What I love best about June is nectarines and getting out on a lake, although here in the garden it’s a busy time. We’ve entered the pruning-watering-weeding time of year, with fabulous, abundant life existing alongside heartbreak and disappointment.
Someone on Facebook posted yesterday that he’d seen his first Japanese beetle of the year, and today I found mine. (I drowned it.) More are on the way. They turn up around the first week of July and devour, if not everything, then a lot of things. They’re kind of biblical. In our garden they prey on roses, hibiscus, and a grapevine.
That’s a grape growing along the back fence. We planted it around the same time the beetles first arrived in the area, 2014 according to the Star, so they’ve grown up alongside each other. Grapes grow well here. After eating dinner at a friend’s table beneath a pergola with bunches of grapes dripping down, we were entranced. Around that time, I was going through old issues of Gourmet, reading the articles I’d skipped originally while looking for chicken recipes, and discovered this exhaustive Wine Journal piece by Gerald Asher from April 1993.
This article, called “The Return of the Native: Missouri’s Vintage Grape,” deserves more comment. Asher visits Hermann, Missouri’s Stone Hill Winery and enthuses about the Nortons, saying, “I was astonished to find the wines so remarkably good. They were more meaty than fruity, with something of the Rhone about them.” Asher then recounts the history of viticulture in the Midwest, beginning in the early 1800s in Ohio, followed by the establishment of Hermann’s vineyards in the 1830s by German settlers fleeing “revolutionary disturbances.” A first, two kinds of grapes, Catawba and Norton, vied for predominance. Catawba was used to produce a sparkling wine, while Nortons are rich reds: “an indigenous American grape that might yet do for Missouri what Cabernet Sauvignon has done for California.” Winemakers produced sparkling wines from Catawba quickly, while Norton requires aging for four to five years—“as do most potentially great red wines”—so early growers emphasized Catawba to maximize profits. However, Catawba is vulnerable to mildew and rot, common conditions in our humid summers, while Norton is tougher, better suited to our weather extremes. Ultimately, Norton won out, and in the 1870s, wines produced in Hermann were winning gold medals in international competitions.
Missouri’s wine industry never fulfilled its early promise. Labor costs and the temperance movement chipped away until the passing of the 18th Amendment finally killed it. Plus ça change. Asher describes links between Prohibition and racial prejudice, showing how the movement exploited anti-German sentiment. Reborn in 1965, Missouri vineyards have continued to grow, although slowly. While it may not have the cachet of a tour of Napa, visiting Hermann is definitely a thing, as the drunks I sat with on the Amtrak during Oktoberfest can attest.
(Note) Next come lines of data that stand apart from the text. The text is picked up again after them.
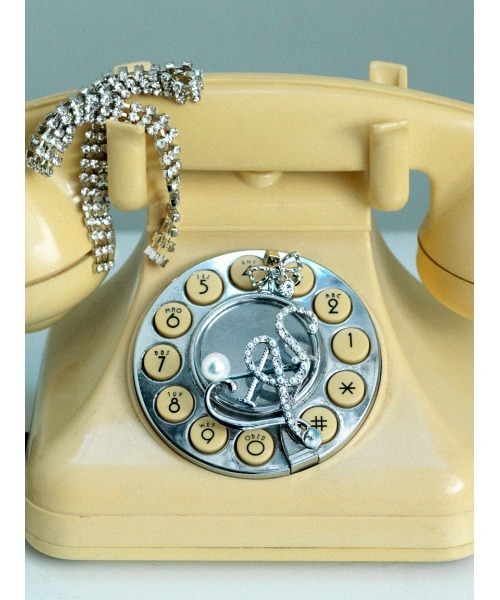 SNIDEL(スナイデル)の「ストーンバリエピアス(ピアス(両耳用)・レディース・C/A/B・F)」の4枚目の写真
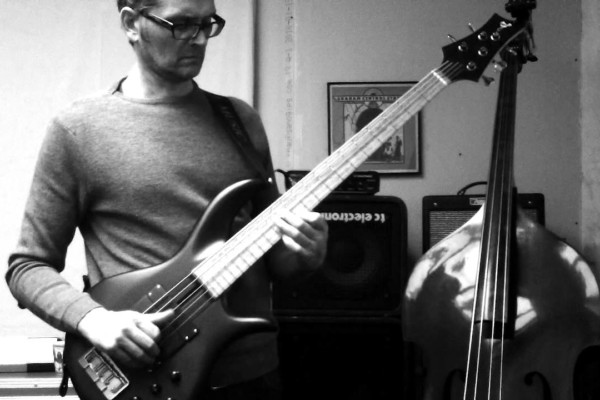 Improvising: Scale Substitutions for Bass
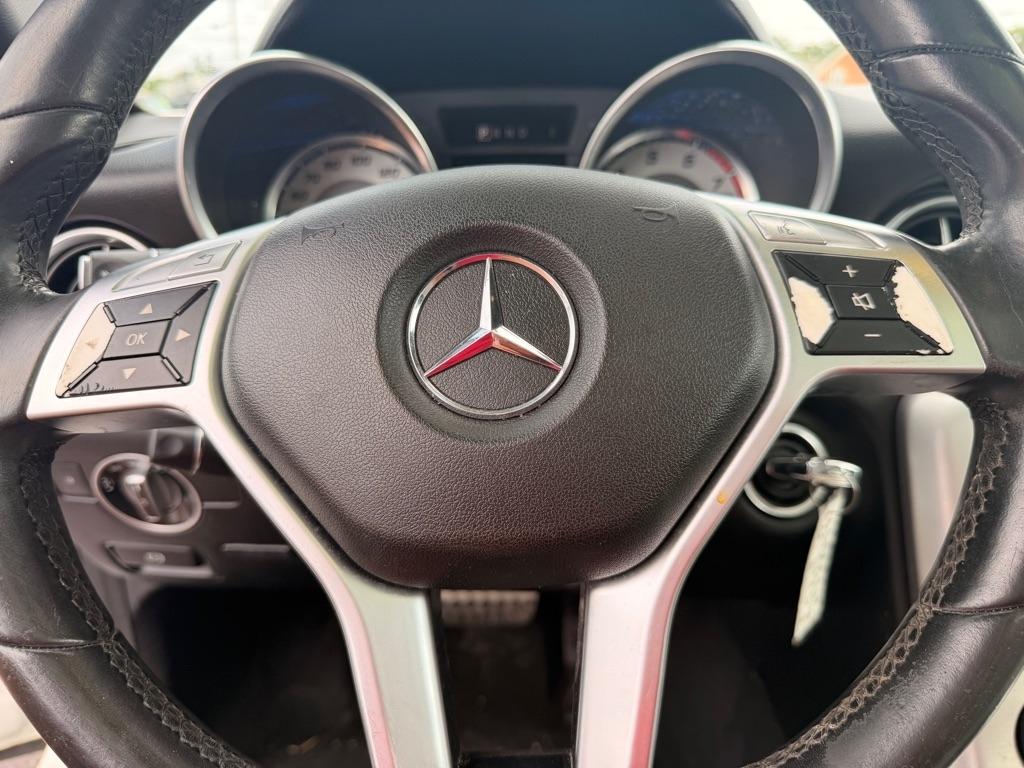 Mercedes-Benz SLK  2015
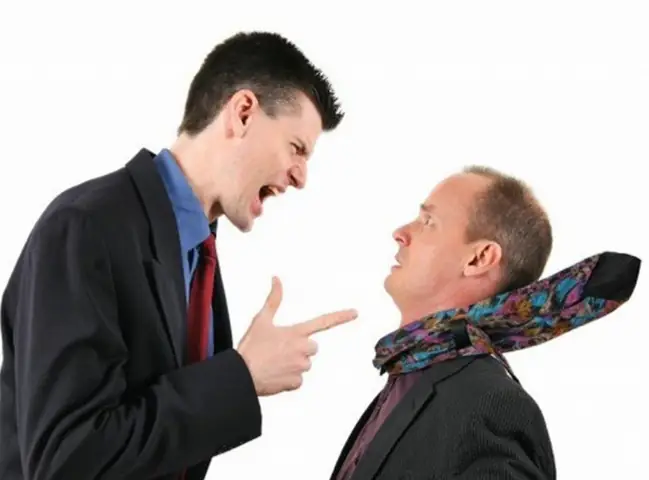 Nằm Mơ Thấy Chửi Lộn: Giải Mã Điềm Báo & Con Số May Mắn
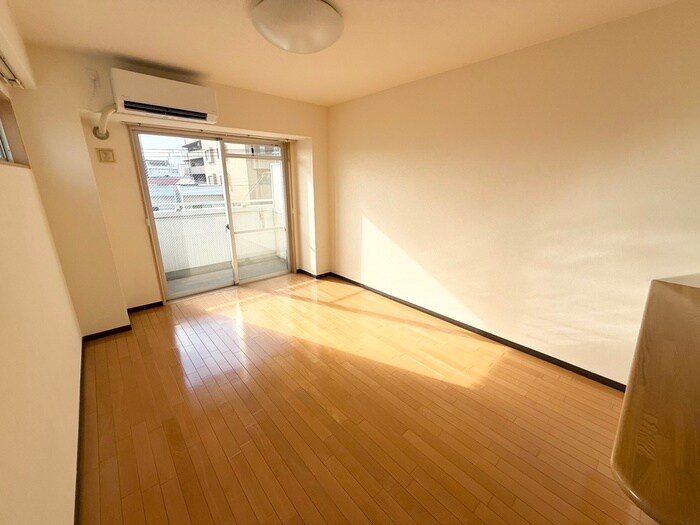 物件内観写真13　(居室)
Asher says this:
Tens of thousands of visitors come to the town every year, and, although they arrive expecting little more than a jolly picnic, a hop to a polka band, and a few bottles to take home, most leave with a greater appreciation of the state of Missouri; possibly with a broader feel for its history; and, especially at the time of the fall grape harvest festivals, with indelible memories of the Missouri River valley’s beauty.
(Read more about Missouri grape varietals on the Missouri Wine website. If you’d like to read Asher’s entire article, let me know in the comments and I’ll send you a pdf.)
So, what does all this have to do with gardening? Energized by this new knowledge, we bought this Vitis labrusca ‘Reliance’ at Soil Service. (These are table grapes, for eating, not for winemaking.) My husband built a trellis along the south end of our yard, we planted the grape, then sat back and waited for our vine to bear fruit.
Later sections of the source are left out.